Señor alcalde Don Daniel Pérez Muñoz:
Le solicito en mi propio nombre y en el del más aséptico razonamiento que considere homenajear a nuestro vecino Don Antonio Escohotado dándole su nombre a nuestro centro cultural, ese que ahora mismo se llama La Pocilla y que salvo que mi ignorancia sea mayor de lo que me gustaría y tenga ese nombre por alguna fantástica razón parece que ganaría con el cambio, al mismo tiempo que haría una simbólica y pequeña justicia a este gran hombre.
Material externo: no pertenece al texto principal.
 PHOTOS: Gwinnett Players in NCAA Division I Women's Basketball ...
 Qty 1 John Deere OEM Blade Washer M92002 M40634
De esta manera no sólo me contentaría a mí (él me parece que está más allá de este tema, y no sospecha siquiera este desvarío mío) sino que quizás, y si tuviésemos mucha suerte, animaría al señor Escohotado a participar directamente en nuestra vida cultural.
Tenemos la oportunidad de escapar a esa maldición tan española de agradecer su trabajo a nuestros vecinos más admirables cuando ya no pueden disfrutar de ello, considérelo. Agradezcamos al señor Escohotado YA todos sus años de iluminar el mundo a su alrededor.
Atentamente le saludo y le doy las gracias por anticipado.
Hacerle justicia a Escohotado es compartir su obra, ayudar a difundirla, que se enteren de que este tipo existe y de lo que piensa y escribe. El nombre en el centro cultural es pintoresco, pero hay un montón de calles, plazas y edificios cuyos nombres ilustres no sé a quiénes pertenecen, salvo que alguien me haga llegar su obra y esta sea interesante. Genial que hayan publicado algo de él en esta revista de rojas letras, ¡saludos!
El fallo, o un atisbo del mismo, puede estar en contraponer colaboración y competencia como figuras que se excluyen. Valga como ejemplo el fútbol, donde 11 colaboran para competir con otros 11. El motor del juego requiere las dos cosas, sin que tenga sentido enfrentarlas.